Sharon Van Etten: Tramps Like Us

Videos by American Songwriter

(PHOTO: Dusdin Condren)

Making cathartic music can be a tricky business. When it’s done right, a songwriter can transform heartbreak, melancholy and depression into a stunning record rooted in a singular vision. But for a musician whose breakthrough album traffics in such terrain, it can be a nearly impossible act to recreate.

This was the case for Sharon Van Etten. As impressive as the New Jersey native sounded on her sophomore record, epic, she’s now largely departed the emotional turmoil that defined her early work. By shedding a part of her musical skin, Van Etten has allowed herself to blossom into a better artist. Her latest record Tramp captures that process.

“I think a big thing for me in the past year has been learning to move on and learning how to move on,” Van Etten explains. “You don’t have to forget … but you can’t keep living in that space.”

Her first two albums (Because I Was In Love and epic) were stunning, stripped down expressions of her inner-pain – intimately documenting her broken relationships, emotional toil and self-doubt. Tramp offers a glimpse into her life following her first two records, in which she grew both personally and professionally.

“I want people to hear the songs for what they are,” Van Etten says. “I think these songs [represent] the strongest that I’ve ever been as a writer and as a singer.”

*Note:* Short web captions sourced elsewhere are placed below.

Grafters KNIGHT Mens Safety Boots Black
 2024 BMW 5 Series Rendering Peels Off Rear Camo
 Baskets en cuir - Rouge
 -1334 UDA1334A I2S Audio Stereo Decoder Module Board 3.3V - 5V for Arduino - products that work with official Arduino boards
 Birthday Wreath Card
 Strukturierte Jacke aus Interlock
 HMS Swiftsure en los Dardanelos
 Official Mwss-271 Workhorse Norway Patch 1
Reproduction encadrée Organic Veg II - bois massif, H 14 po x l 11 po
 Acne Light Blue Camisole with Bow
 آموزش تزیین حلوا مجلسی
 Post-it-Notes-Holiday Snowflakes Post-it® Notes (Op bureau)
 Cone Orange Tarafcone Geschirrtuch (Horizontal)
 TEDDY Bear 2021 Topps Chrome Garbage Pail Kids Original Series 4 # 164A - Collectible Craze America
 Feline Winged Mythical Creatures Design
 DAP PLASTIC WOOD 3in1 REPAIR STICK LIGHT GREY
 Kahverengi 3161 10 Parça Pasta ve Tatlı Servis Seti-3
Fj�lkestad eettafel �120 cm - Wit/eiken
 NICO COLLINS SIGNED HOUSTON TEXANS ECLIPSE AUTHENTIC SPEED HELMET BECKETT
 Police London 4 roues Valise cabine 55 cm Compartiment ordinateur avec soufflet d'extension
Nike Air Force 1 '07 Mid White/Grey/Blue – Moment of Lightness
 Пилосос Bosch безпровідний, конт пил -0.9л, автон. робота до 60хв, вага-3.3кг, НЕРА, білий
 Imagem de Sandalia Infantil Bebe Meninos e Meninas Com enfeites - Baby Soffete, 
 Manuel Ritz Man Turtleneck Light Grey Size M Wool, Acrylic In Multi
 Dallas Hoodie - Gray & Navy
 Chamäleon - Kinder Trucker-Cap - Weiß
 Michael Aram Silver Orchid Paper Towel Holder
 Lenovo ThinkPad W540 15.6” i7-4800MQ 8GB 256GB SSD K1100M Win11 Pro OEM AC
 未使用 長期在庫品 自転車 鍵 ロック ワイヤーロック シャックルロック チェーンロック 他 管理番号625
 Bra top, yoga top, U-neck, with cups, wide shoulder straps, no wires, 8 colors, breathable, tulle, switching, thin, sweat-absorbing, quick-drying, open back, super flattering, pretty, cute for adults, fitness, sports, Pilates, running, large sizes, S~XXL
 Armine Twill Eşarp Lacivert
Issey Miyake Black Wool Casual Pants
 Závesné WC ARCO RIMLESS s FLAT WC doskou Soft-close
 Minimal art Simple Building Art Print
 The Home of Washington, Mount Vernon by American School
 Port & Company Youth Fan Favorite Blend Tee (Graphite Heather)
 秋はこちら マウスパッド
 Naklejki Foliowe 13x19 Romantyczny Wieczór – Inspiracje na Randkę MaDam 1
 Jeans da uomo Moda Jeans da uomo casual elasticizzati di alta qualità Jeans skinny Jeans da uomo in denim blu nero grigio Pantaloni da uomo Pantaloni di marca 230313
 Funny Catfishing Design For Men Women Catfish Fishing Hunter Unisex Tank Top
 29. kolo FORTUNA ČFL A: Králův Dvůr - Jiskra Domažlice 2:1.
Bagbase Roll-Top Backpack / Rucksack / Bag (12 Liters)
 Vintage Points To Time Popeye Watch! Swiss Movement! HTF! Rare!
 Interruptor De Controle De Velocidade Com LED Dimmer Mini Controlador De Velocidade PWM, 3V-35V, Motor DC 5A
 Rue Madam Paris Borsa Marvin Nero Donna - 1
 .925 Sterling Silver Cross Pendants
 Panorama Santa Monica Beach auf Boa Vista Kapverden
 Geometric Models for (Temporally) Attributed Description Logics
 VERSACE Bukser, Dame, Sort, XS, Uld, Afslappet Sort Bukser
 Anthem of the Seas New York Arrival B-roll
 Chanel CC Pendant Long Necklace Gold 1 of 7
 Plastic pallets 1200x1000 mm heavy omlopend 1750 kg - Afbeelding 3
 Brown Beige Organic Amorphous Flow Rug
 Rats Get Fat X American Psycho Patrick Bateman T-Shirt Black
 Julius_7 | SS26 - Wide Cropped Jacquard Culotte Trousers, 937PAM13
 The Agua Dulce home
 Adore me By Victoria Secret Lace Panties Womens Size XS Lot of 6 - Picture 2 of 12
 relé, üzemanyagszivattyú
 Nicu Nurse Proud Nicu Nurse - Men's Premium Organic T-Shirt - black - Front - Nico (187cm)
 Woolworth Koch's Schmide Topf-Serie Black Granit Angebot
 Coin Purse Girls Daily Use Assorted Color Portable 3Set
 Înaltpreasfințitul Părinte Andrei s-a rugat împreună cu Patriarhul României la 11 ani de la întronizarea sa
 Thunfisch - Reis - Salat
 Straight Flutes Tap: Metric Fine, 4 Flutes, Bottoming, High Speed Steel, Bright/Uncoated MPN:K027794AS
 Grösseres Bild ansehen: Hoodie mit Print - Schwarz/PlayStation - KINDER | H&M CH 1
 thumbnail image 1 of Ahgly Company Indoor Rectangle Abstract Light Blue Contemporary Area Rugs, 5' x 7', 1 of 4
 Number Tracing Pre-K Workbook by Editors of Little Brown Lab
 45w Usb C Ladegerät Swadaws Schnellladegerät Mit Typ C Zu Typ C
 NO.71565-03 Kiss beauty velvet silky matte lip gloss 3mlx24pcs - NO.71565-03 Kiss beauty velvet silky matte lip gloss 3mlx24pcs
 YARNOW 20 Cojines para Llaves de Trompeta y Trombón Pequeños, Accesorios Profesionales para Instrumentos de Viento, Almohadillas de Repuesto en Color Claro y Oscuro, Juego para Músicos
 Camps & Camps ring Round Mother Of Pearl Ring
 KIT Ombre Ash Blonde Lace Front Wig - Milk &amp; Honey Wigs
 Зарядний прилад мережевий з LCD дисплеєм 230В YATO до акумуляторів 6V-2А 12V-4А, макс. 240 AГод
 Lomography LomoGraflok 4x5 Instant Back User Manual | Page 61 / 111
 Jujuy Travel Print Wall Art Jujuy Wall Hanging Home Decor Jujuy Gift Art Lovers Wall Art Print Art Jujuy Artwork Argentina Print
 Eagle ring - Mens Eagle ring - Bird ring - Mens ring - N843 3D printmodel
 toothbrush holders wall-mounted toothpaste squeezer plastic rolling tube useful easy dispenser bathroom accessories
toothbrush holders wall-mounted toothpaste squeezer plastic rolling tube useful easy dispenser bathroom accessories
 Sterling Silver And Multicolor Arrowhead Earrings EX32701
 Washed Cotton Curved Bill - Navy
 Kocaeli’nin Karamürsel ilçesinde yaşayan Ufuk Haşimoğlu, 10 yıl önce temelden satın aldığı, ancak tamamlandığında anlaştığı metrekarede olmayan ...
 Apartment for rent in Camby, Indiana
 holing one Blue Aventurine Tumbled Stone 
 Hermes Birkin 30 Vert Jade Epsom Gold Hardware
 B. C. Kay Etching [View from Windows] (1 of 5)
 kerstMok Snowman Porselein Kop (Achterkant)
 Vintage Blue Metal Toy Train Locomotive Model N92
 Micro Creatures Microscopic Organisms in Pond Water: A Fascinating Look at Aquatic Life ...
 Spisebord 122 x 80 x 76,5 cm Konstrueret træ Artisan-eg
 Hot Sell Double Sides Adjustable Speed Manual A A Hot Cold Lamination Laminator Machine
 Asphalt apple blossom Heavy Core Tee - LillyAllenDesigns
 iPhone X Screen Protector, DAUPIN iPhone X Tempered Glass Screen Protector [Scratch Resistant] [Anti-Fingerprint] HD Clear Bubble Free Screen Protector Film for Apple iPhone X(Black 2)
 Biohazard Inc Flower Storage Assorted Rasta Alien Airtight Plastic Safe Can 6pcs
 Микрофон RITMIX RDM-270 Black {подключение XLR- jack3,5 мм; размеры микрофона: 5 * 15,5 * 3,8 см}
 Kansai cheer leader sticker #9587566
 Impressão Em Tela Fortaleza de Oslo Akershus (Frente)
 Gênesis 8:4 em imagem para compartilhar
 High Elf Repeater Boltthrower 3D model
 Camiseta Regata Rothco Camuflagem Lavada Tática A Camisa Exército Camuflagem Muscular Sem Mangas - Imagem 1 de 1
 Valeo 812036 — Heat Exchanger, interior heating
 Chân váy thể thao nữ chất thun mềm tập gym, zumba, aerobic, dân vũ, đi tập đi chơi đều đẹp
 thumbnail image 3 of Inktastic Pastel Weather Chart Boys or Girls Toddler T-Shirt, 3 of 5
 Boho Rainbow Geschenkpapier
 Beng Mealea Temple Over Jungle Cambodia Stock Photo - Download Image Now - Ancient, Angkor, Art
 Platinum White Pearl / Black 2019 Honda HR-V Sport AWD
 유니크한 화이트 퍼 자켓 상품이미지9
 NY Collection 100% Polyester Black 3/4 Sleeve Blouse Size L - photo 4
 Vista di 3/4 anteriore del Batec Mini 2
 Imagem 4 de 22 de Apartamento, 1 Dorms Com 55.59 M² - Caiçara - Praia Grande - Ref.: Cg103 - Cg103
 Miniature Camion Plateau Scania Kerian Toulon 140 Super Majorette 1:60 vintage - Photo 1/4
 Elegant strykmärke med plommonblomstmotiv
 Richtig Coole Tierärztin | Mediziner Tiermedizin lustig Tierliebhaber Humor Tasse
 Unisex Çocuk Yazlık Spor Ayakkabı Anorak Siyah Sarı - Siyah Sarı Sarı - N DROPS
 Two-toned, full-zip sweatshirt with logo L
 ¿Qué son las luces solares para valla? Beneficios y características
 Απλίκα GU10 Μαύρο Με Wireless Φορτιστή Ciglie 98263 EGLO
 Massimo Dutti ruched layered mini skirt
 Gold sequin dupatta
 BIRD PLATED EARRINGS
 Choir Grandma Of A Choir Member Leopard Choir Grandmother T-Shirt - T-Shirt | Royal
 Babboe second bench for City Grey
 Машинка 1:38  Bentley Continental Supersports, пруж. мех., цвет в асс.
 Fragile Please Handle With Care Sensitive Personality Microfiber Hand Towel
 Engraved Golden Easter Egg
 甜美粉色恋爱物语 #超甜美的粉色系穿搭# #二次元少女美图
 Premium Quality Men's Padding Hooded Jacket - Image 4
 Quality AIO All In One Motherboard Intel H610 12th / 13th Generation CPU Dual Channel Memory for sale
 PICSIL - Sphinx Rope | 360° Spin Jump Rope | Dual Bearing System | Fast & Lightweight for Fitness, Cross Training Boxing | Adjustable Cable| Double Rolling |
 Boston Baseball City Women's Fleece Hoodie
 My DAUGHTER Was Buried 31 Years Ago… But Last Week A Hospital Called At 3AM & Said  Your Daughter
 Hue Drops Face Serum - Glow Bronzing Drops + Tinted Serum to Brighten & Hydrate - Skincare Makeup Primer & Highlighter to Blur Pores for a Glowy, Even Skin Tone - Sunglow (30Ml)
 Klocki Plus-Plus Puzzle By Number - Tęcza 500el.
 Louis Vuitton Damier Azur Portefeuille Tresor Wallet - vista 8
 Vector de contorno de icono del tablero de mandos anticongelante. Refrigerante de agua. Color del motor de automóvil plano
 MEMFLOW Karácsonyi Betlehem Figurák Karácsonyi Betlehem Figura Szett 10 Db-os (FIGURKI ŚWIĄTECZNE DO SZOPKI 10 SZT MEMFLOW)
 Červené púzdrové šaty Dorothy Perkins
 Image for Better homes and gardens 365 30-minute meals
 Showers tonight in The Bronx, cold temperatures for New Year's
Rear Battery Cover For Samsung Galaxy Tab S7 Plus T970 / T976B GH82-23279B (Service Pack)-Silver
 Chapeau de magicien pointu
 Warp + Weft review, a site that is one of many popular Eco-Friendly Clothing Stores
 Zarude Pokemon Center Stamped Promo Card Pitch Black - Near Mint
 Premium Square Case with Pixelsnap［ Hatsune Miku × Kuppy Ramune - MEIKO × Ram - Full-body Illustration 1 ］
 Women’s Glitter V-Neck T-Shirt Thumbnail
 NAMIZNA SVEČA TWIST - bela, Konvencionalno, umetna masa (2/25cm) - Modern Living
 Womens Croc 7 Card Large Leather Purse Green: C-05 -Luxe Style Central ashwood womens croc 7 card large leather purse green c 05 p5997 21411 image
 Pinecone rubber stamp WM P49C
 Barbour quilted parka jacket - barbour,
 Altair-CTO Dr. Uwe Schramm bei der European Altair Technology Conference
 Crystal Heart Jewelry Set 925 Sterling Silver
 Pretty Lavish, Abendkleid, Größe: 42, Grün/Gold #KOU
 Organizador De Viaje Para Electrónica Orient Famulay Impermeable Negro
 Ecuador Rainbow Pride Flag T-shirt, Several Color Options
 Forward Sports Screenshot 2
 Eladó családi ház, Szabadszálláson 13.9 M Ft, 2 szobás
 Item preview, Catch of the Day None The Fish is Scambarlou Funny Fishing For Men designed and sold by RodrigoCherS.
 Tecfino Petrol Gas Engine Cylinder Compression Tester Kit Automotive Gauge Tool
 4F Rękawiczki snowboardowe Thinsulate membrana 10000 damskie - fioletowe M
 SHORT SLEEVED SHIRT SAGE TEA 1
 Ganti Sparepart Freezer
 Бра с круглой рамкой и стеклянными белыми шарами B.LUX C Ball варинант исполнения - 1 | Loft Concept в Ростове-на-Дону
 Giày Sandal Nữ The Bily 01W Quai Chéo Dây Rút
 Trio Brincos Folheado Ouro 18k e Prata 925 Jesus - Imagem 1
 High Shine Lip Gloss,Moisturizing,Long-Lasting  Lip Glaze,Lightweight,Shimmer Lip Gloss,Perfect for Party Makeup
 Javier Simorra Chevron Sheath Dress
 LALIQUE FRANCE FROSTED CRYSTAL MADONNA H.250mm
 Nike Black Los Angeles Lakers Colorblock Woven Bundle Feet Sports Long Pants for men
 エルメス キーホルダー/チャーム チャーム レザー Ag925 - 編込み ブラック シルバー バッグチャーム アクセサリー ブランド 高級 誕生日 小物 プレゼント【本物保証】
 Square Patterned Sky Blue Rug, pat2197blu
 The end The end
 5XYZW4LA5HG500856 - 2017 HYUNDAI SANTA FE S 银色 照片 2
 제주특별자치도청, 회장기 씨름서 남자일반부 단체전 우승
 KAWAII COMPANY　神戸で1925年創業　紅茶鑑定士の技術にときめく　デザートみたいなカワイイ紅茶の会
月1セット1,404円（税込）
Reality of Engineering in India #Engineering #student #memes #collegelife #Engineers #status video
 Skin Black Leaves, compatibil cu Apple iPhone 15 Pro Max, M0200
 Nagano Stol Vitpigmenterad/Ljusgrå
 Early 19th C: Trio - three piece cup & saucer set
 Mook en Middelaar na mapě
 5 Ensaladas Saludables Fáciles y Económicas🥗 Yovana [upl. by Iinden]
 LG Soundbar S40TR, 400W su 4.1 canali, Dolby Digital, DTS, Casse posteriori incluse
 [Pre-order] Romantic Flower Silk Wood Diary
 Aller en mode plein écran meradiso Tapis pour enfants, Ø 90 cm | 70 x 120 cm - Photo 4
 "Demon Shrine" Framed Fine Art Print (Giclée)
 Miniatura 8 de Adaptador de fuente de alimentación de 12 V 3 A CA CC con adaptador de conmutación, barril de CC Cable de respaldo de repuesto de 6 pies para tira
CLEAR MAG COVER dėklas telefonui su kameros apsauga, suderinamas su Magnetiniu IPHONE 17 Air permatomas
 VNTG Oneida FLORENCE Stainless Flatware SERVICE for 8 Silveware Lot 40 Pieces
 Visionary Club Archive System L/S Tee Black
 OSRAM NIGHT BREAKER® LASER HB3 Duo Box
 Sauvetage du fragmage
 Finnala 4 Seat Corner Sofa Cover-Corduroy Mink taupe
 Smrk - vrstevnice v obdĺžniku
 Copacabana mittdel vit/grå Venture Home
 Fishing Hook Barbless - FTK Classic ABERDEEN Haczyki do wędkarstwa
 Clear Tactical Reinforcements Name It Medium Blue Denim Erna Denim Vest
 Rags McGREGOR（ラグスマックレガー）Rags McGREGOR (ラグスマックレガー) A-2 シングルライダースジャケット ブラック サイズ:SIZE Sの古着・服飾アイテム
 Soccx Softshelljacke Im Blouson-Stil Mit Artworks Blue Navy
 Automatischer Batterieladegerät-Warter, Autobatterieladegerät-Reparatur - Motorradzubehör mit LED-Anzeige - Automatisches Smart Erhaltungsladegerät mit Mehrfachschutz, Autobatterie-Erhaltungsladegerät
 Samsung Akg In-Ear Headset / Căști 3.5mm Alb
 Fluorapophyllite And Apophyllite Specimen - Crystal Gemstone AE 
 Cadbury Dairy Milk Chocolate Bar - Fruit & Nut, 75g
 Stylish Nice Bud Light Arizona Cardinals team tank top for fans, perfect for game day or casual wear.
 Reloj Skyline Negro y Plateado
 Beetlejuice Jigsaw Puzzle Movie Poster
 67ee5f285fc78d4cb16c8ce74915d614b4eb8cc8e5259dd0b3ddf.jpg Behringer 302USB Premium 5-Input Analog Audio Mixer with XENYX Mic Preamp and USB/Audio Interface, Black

While Van Etten’s introspective songwriting earned her critical raves, she’s stepped outside her creative comfort zone with her third album, expanding her musical and lyrical boundaries. To help flesh out her sound, she recruited a talented cast of friends, including members of The National, Beirut, The Walkmen, Wye Oak, Antony and the Johnsons and Doveman.

While most of the album’s guests have track records more established than Van Etten’s, she refuses to tout any of those names as a selling point for the album. For this budding singer-songwriter, who moved to Brooklyn in 2005, it’s a record made with her friends, not by her friends. “People may think, ‘They got this star-studded cast,’” she says. “But what it boils down to is that they’re friends that wanted to participate on this record.”

Van Etten is no stranger to collaboration, having initially met some of these musicians while helping out as a guest vocalist on their respective albums. She contributed to Beirut’s 2011 album The Rip Tide after working at the group’s former label Ba Da Bing Records, where she worked and released epic. “We met through mutual contacts in the Brooklyn scene; she was actually doing some work with the label I was on,” Beirut frontman Zach Condon recalls. “But when I heard her voice I was pretty immediately drawn to it.”